You arrive in a Awesome Meeting Hall. Or a Dining Room, you can't tell. theres eating and drunkness and talking, so its really exactly what you expected to be, just Grand. and covered in recursive engravings. You weren't expecting that.
"Urist! Who Be Ye follower?" a dwarf yelled from the other side of the room. You assumed he was the leader, since he was sitting in the fanciest chair. You think its the fanciest; Tis hard to tell when all the chairs are kinda fancy.
"I dn't know. but he has a underground tower where ye said to put ye office." You feel out of place now that you look around; most of the dwarves are either naked or covered in beard. Fancy Chair has a Steel Breastplate on, but is otherwise naked as well.
"Who Be Ye, who steal my office space-ta-be?" Fancy Chair Dwarf shouts.
"Sauron! I be Sauron, Wizard of Ice and Adamantium!" The whole Grand room becomes dead silent almost instantly. its kinda creepy how fast it happens, actually. Its like the entire world paused as soon as you said Adamantium.
"Ye blasphemous! Nae Human has gotten near ta god's metal before a dwarf! I should behead ye for saying that!"
Fancy Chair rips his battle axe out of the floor next to him. Craaaaaap.
"Prove it, or be axed immeadiately! I care not for Urist's engraving of a cheese that ye be standing on, when ye come in here and spout blasphemy like ye just did!"
Crap! Again! you don't have any on y-
Your sword. Duh. You unsheath it, and the godly metal gleams. Fancy Chair drops his axe.

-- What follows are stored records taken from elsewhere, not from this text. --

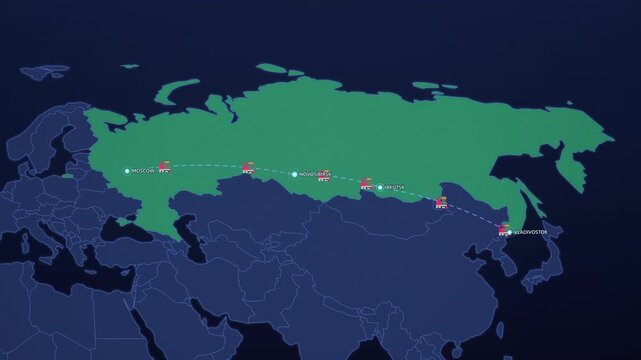 Trans Siberian Railway on Neon Map, Moscow Novosibirsk Irkutsk Vladivostok Train Animated Motion Graphics Seamless Loop, 4K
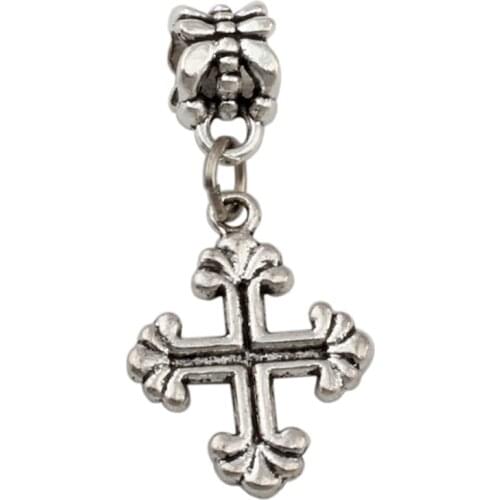 100Pcs Dangle Zinc Alloy Vintage Crucifix Cross Charm Big Hole Beads Fit European Bracelet Jewelry 15x33mm A-274a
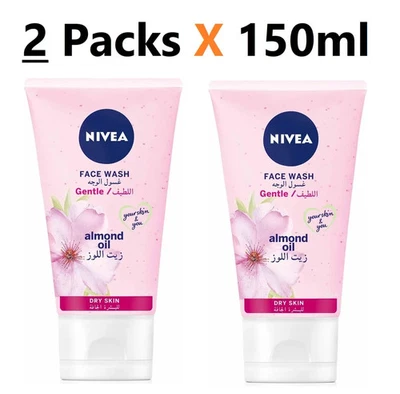NIVEA Gentle Face Wash for Dry Skin | Hydrating Cleanser with Almond Oil 2X150ml - Image 1 of 4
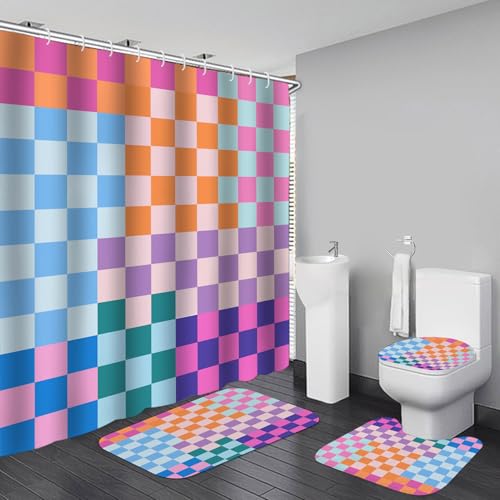 Vostolaiv 4 PCS Checkered Shower Curtain Sets Fun Gingham Bathroom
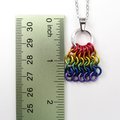 Rainbow Chainmail Mesh Tile Pendant, Gay Pride Flag Necklace - Handmade LGBTQ Jewelry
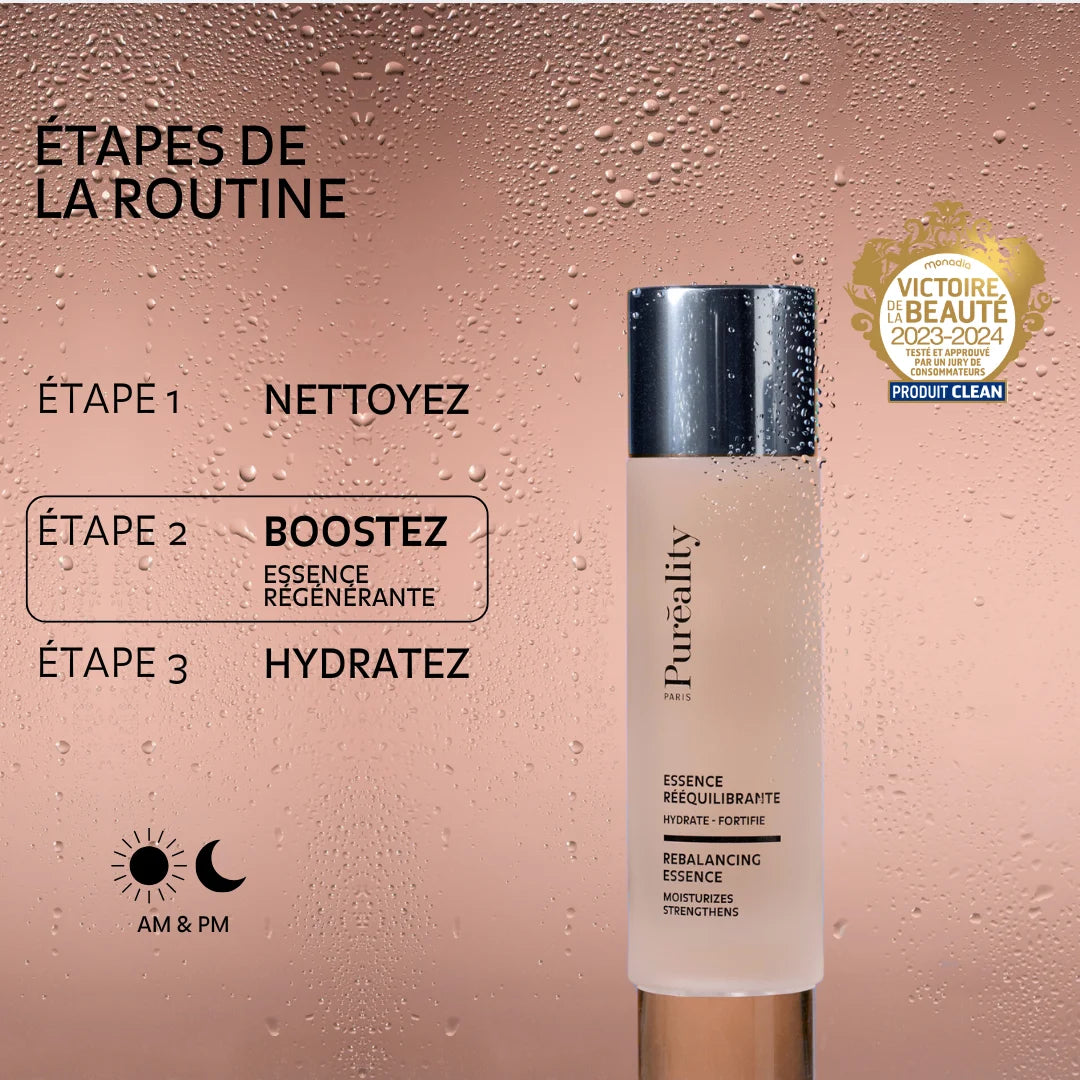 Etapes de la routine Nettoyez, Boostez, Hydratez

"where did Ye find that? Tis an Adamantine Sword! Would be better if it were an axe, but the Adamantine! Tis right in front of me eyes! What do Ye want, Wizard of Armok?"
"I'm not of Armok, Dwarf. Well, I don't think I am, I don't remember much. quite possible I could be, I suppose."
"Get on with it, will ye? Ye can blab about ye memory problems later, over some ale. Or maybe wine, if ye weak human-ness can nae stand Dwarven ale. What do ye want? Armor? somethin' built? Them dusty books the last wizard left?"